Written by

Technical Graduate - DevRel at InterSystems
Article Gabriel Ing · Jun 22 (Edited) 7m read

csvgen-pyprod

Today I published csvgen-pyprod, a simple implementation of an Example PyProd application  for the Community Bounty Program

The basic premise is a production that either creates or adds to tables from CSV files added to a certain directory. It basically creates a production that does the same thing as the popular OpenExchange package csvgen, from which I have taken the name. This production consists of four business hosts and an inbound adapter, arranged something like this:
Flowchart of production
The CSV Inbound Adapter polls a directory (IN) for new .csv files, and when it finds one, moves it to the WORKING directory and sends the file path to its Business Host: the FromCSV Business Service. This BS then checks the headers of the File, and passes on the headers, combined with the file name to the Router Business Process.
The logic behind the router is simple, first it sends a message to ToCheckDB which searches the database to see if the table already exists. If it doesn't there is a call to ToDB to create a table, using the DBCreateRequest message class. Finally, there is a call to ToDB with the DBUpdateRequest to add the data to the selected table.

Walkthrough

All of this was built with InterSystems PyProd, a great Python library for building IRIS productions Pythonically. The whole library should feel pretty familiar to experienced IRIS users, while being consistently Pythonic in naming and design. As someone who has much more experience coding in Python than ObjectScript, PyProd really appeals to me.
Below I am going to go through some of the key steps in defining this production, beware though! For the sake of article brevity, I'm only showing some key steps. If you need more, you'll have to look directly at the code!
Starting basic, lets install pyprod:
pip install intersystems_pyprod --target /usr/irissys/mgr/python
There are some environmental variables to set, which can be found in the Dockerfile for csvgen-pyprod, or indeed in the PyProd documentation. 
PyProd's syntax is super easy. For each component, you just need to inherit from the relevant superclass and define the functions that the component needs. Below I'm going to go through each component individually. 

Messages

For the message class this varies between JsonSerialize-able (character-based) and PickleSerilize-able (Python or binary objects). Otherwise its super easy to create a message class:
from intersystems_pyprod import BusinessService, BusinessProcess, BusinessOperation, InboundAdapter, JsonSerialize 

# Defines the IRIS package name for all components in this file 
iris_package_name = "CSVGenPyProd" 

class FileMessage(JsonSerialize): 
    file_path:str = Column() 
    headers:list = Column() 
    schema:str = Column() 

Inbound Adapter

To create an Inbound Adapter class, you just need to define a on_task function, which passes the data up to the BS with self.business_host_process_input. This function gets activated by the Business Service at a configurable interval. 
class CSVReaderAdapter(InboundAdapter):
	# Configurable Target watching directory
    inbound_file_dir: str = IRISProperty(description="Directory to monitor for new CSV files", settings="Adapter Settings" )
    
    # Configurable working directory
    working_file_dir: str = IRISProperty(description="Directory where files in progress are stored ", settings="Adapter Settings")

    def on_task(self):
        ###
        ### ...Polling Logic
        ###
        self.business_host_process_input(filepath)
        return Status.OK()

Business Service

The inbound adapter passes the data (in this case a file path) up to the host business service's on_process_input function:

class FromCSV(BusinessService):
    
    # Inbound adapter 
    ADAPTER:str = IRISParameter(value="CsvgenPyprod.CSVInboundAdapter", description="CSV Watcher inbound adapter")
    
    # Configurable target setting
    process_target:str = IRISProperty(description="Business process to send message to", settings="Target Settings")

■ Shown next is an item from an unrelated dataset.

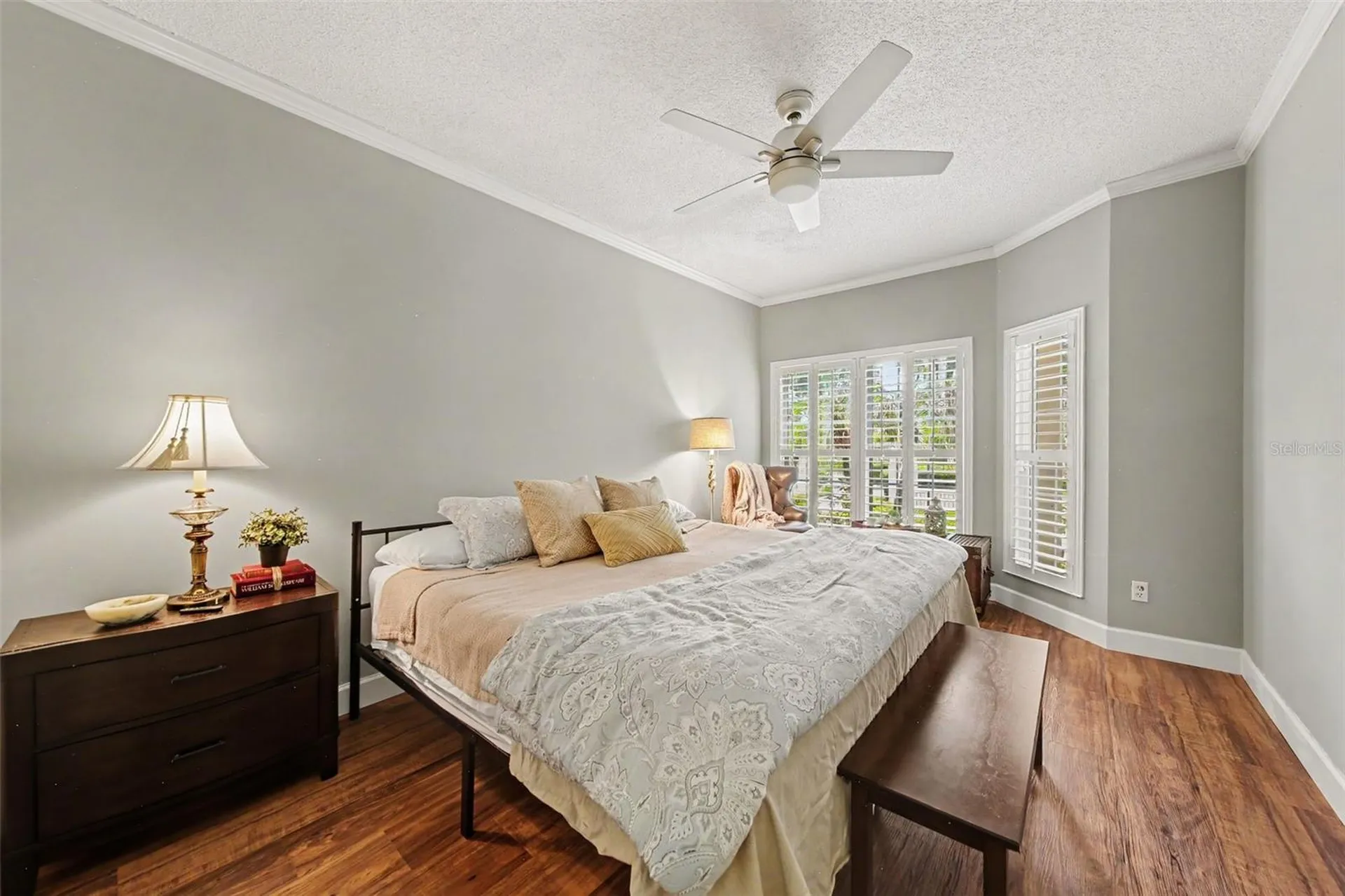 2406 Sweetwater Country Club Drive Apopka FL 32712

    def on_process_input(self, input):
        ##
        ##  More filehandling logic
        ##
        request_message = FileMessage(filepath, headers)
        status = self.send_request_async(self.process_target, request_message)
        return Status.OK()

Business Process

The business process receives the request through the on_request() function, and then itself sends multiple requests, some of which are synchronous, some are asynchronous:

class Router(BusinessProcess):
    
    # Configurable settings
    db_check_target = IRISProperty(description="Operation to check the database", settings="Target Settings")
    to_db_target = IRISProperty(description="Operation to add to the database", settings="Target Settings")

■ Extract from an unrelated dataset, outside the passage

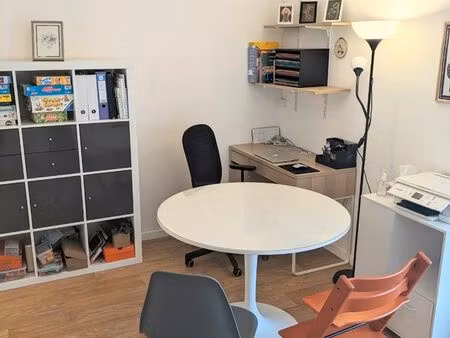 location bureau dans cabinet paramédical 44100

    default_schema = IRISProperty(description="Default schema to save files to", settings="TargetSettings")

    def on_request(self, input):
        ## message logic
        status, response = self.send_request_sync(self.db_check_target, FileMessage(...))
        ## if... then...
        
        #create table 
        status, response = self.send_request_sync(self.to_db_target, DBCreateRequest(...))

        # Add to table: 
        status, response = self.send_request_async(self.to_db_target, DBUpdateRequest(...), response_required=0)
        return Status.OK()

Business Operations

Finally, we have the Business Operations. I'm only going to show the ToDB one (and again, a pretty truncated view of this), but it should give you a clue. The message_map property is a dictionary which defines the functions which should be activated based on the type of message which arrives. You may have noticed in the Router above, we send the same operation two different message types, these activate different functions:

class ToDB(BusinessOperation):

    message_map = {
        f"{iris_package_name}.DBCreateRequest":"create_table",
        f"{iris_package_name}.DBUpdateRequest":"add_to_table"
    }

    def create_table(self, input):

        # Sample 50 rows to infer column types without reading the full file
        df = pd.read_csv(input.file_path, nrows=50)
 
        #... Work out column types ...
        
        stmt = iris.sql.prepare("CREATE TABLE ...")
        stmt.execute()

    def add_to_table(self, input):

        stmt = iris.sql.prepare(f"INSERT INTO {input.schema}.{table_name} ({columns}) VALUES ({placeholders})")
        # Handle big data... 
        for chunk in pd.read_csv(input.file_path, chunksize=100000):
            ## Row/Value handling... 
            stmt.execute(...)

Defining the Production

The last thing I haven't mentioned it isn't just the components that are defined in Python, its also the production itself. I'm only going to show the service, here but the other components are defined in exactly the same way:

from intersystems_pyprod import Production, ServiceItem, ProcessItem, OperationItem 

class Prod(Production):

    services = [
        ServiceItem("FromCSV", # Component Name 
                    "CsvgenPyprod.FromCSV", #IRIS Class Name
                    host_settings={"process_target":"Router"}
                    adapter_settings={
                        "inbound_file_dir":"/home/irisowner/dev",
                        "working_file_dir":"/home/irisowner/dev"
                                    })
    ]
    #processes = [...]

Its important to note that if you do define the production in Python, the changes you make from the UI are not reflected in the code. Its a good idea to stick to either using the UI or code, but not mixing them, because any settings changes from the UI will be overwritten next time you register the production from PyProd.

Loading the components

Our components and production still need to be registered into IRIS. This is done with the intersystems_pyprod cli. Note this is installed at /usr/irissys/mgr/python/bin (assuming you used the command I gave above), so make sure this is on your PATH. This step is handled by the Dockerfile in my example. 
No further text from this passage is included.